BlackTom AI · Accepted Answer

First, restating the core idea in play: we’re evaluating whether the nos gene occurring in a person is independent of being a centenarian, using the criterion of independence that relies on probability products.
Option 1: 'No because the product of the marginal probabilities is equal to the probability of their intersection.' If the product of the marginals did equal the intersection probability, that would indicate independence. Here the claim asserts equality, which would support independence. However, the statement as given is a declaration about equality without acknowledging whether that equality actually holds in the data. In many practical problems, equality of marginals to the joint product is not guaranteed, so this option seems to misuse the independence criterion by assuming the equality holds.
Option 2: 'No because the product of the marginal probabilities is not equal to the probability of their intersection.' This aligns with the standard test for independence: if P(A and B) ≠ P(A)P(B), then A and B are not independent. Therefore, this option claims a dependence between nos gene occurrence and being a centenarian, which would indeed justify that they are not independent.
Option 3: 'Yes because the product of the marginal probabilities is equal to the probability of their intersection.' This asserts independence by equality of joint and product of marginals. As with Option 1, the correctness hinges on actual data. If the equality does not hold, this option is incorrect. Since the given correct choice states that the product is not equal, this option would be false in this scenario.
Option 4: 'Yes because the product of the marginal probabilities is not equal to the probability of their intersection.' This mixes up the logic: independence is about equality (P(A and B) = P(A)P(B)). If the product is not equal, that indicates dependence, so labeling it as 'Yes' for independence is incorrect. This option contradicts the formal criterion for independence.

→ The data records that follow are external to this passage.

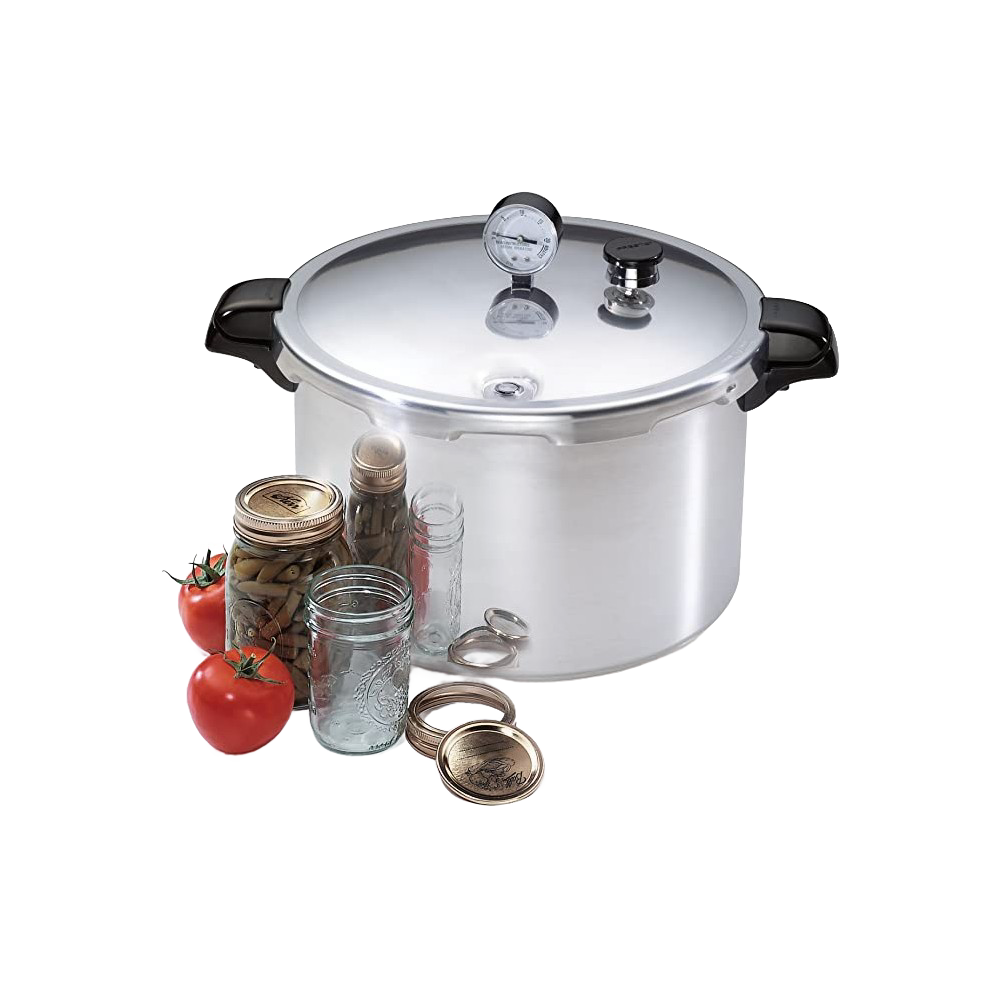 Aluminum pressure canner with secure locking lid and pressure gauge, accompanied by glass jars and fresh tomatoes, ideal for food preservation and kitchen canning collections.
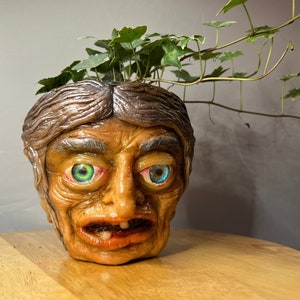 Terracotta planter | “Cackling Old Crone” terracotta pot hand made unique sculptured face on  Terracotta planters. unique garden decoration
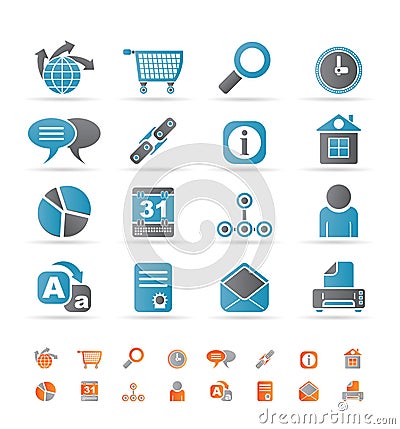 Web Site, Internet and computer Icons Vector Illustration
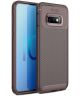 Samsung Galaxy S10E Siliconen Carbon Hoesje Coffee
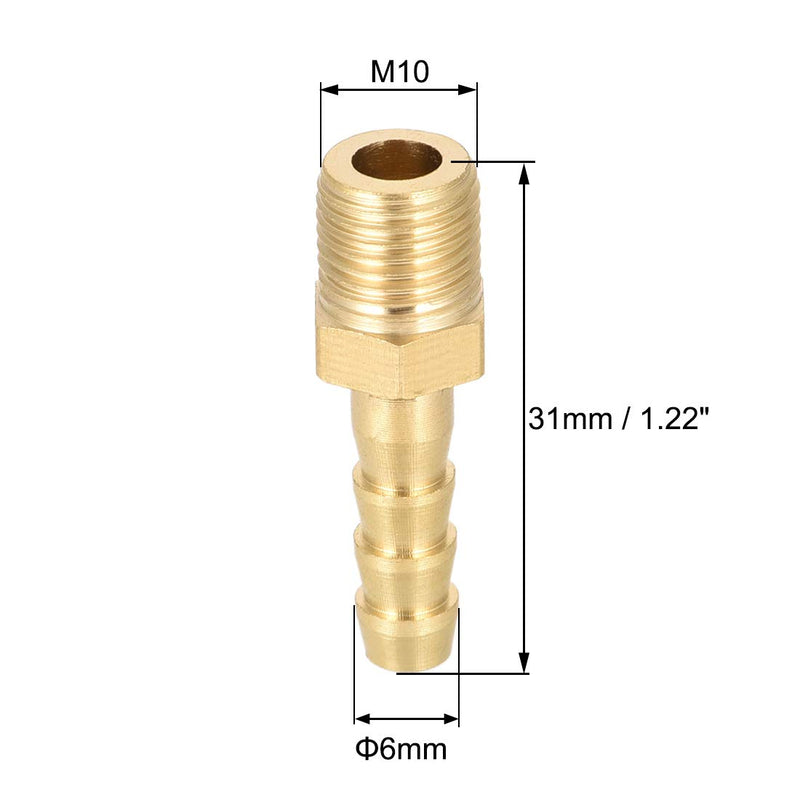 [Australia - AusPower] - uxcell Brass Fitting Connector Metric M10-1 Male to Barb Fit Hose ID 6mm 2pcs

To summarize the reasoning for each choice, we’re scrutinizing the independence condition P(A ∩ B) = P(A)P(B). When the product of marginals does not equal the joint probability, A and B are not independent; that is the standard cue for dependence rather than independence. In this problem, the statement that the product is not equal to the intersection probability correctly indicates dependence, which rules out independence.
Hence, the option asserting the non-equality (Option 2) correctly identifies the dependence between the nos gene occurrence and being a centenarian, while the options claiming independence or equality (Options 1 and 3) are incorrect in this context, and the final option incorrectly combines a non-equality with an affirmation of independence (Option 4).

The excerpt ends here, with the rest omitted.